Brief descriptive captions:
==*==

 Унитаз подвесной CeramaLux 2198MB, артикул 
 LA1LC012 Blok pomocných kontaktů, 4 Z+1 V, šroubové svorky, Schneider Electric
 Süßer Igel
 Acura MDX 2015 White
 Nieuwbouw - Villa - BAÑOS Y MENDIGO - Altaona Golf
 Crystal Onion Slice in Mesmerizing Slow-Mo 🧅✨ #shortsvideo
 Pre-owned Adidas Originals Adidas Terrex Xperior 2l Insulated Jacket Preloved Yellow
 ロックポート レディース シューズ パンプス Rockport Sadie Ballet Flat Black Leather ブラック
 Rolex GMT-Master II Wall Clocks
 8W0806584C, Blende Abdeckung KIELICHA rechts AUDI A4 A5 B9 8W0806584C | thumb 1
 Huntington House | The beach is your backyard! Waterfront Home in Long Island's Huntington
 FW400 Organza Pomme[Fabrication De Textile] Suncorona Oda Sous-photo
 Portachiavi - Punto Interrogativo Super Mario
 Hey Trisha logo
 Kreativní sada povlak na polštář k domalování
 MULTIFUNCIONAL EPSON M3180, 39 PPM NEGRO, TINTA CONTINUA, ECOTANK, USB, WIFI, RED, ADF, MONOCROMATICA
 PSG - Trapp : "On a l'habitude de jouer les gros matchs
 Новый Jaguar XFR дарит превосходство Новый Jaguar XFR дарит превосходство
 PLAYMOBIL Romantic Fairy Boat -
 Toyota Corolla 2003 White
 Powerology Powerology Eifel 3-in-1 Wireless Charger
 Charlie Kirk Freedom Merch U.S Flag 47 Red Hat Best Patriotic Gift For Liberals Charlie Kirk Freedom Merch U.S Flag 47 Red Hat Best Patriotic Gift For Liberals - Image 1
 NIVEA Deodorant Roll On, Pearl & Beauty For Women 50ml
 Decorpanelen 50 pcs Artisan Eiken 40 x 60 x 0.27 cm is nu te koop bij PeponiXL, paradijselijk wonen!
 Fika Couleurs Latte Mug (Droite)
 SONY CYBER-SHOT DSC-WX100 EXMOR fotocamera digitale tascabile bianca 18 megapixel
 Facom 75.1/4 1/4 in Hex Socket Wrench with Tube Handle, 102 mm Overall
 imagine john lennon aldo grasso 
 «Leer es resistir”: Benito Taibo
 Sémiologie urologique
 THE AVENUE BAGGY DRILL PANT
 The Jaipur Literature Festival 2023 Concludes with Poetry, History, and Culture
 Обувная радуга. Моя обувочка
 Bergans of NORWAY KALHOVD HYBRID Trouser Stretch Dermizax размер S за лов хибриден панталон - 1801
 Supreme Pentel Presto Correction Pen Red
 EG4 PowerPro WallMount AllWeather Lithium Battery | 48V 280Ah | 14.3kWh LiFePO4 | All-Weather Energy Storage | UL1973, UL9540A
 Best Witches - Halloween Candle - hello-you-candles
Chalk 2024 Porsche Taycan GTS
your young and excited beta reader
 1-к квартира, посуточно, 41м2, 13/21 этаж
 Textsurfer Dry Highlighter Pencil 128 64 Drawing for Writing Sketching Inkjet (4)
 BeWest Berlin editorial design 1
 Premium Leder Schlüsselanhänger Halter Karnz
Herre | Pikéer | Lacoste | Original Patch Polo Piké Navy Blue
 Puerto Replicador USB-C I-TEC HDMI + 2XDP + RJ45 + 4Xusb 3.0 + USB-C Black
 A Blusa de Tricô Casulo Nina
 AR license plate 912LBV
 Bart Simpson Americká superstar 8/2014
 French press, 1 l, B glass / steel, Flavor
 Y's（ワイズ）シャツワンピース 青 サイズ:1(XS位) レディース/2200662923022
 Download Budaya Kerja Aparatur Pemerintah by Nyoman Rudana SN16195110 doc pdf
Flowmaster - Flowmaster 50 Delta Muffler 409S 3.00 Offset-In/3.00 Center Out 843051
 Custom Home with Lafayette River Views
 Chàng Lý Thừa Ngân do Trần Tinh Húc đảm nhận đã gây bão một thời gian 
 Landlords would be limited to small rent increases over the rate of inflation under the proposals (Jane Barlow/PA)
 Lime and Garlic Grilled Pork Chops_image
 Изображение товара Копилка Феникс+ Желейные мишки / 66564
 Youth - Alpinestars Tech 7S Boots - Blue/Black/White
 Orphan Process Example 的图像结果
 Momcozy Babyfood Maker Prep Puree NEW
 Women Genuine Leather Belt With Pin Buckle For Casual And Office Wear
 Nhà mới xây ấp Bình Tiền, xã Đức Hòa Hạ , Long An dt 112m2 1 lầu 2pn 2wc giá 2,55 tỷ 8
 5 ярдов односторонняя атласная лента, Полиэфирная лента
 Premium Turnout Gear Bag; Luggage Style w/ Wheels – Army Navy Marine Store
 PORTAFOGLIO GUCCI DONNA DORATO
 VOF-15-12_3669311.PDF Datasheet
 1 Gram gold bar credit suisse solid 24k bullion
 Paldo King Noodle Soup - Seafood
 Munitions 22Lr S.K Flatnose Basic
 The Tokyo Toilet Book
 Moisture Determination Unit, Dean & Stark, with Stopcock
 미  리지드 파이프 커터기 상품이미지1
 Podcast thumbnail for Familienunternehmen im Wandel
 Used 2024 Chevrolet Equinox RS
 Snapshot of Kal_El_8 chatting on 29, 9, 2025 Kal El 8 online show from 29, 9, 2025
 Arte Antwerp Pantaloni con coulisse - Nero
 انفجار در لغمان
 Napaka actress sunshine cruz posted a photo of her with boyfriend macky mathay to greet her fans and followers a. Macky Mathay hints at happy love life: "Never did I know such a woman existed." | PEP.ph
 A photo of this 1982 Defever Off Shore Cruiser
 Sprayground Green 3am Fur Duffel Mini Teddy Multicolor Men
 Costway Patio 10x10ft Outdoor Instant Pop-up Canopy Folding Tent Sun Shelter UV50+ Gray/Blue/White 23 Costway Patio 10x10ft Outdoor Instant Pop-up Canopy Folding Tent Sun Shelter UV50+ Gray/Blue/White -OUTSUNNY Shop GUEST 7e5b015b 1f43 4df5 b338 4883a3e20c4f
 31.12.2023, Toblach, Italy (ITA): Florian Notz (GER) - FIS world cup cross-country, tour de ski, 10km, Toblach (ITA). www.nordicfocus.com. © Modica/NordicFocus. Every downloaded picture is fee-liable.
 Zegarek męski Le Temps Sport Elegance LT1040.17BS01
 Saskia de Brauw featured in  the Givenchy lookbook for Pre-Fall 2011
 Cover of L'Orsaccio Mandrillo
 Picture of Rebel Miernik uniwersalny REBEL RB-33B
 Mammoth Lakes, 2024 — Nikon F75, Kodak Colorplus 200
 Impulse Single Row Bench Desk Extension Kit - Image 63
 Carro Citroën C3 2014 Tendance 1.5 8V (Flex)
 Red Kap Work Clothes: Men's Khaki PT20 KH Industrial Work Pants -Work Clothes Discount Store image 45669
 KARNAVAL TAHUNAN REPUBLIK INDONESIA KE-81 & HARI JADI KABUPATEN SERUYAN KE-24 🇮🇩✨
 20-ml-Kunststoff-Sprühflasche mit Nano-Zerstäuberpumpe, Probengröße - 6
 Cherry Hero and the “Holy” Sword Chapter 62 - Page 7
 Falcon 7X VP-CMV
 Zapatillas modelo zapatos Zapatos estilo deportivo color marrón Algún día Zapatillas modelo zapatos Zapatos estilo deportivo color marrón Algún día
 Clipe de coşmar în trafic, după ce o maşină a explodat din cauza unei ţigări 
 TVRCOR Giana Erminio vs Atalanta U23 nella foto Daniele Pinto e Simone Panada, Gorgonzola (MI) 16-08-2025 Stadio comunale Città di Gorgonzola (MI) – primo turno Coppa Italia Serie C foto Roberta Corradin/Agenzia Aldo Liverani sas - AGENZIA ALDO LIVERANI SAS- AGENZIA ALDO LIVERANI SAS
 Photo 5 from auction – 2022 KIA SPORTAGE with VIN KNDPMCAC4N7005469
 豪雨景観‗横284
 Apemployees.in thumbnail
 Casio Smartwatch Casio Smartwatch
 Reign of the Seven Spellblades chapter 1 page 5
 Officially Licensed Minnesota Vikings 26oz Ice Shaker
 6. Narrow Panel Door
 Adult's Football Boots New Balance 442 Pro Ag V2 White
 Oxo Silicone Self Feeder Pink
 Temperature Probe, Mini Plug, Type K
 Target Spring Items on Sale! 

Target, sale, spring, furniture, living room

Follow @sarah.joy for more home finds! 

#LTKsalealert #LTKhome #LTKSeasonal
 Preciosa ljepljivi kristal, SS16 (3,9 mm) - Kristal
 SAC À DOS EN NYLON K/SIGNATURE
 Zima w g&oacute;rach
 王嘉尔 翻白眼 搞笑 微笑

==*==

The problem: In the records above, count the lines that contain the word "your" and state only that count.

Solution: 2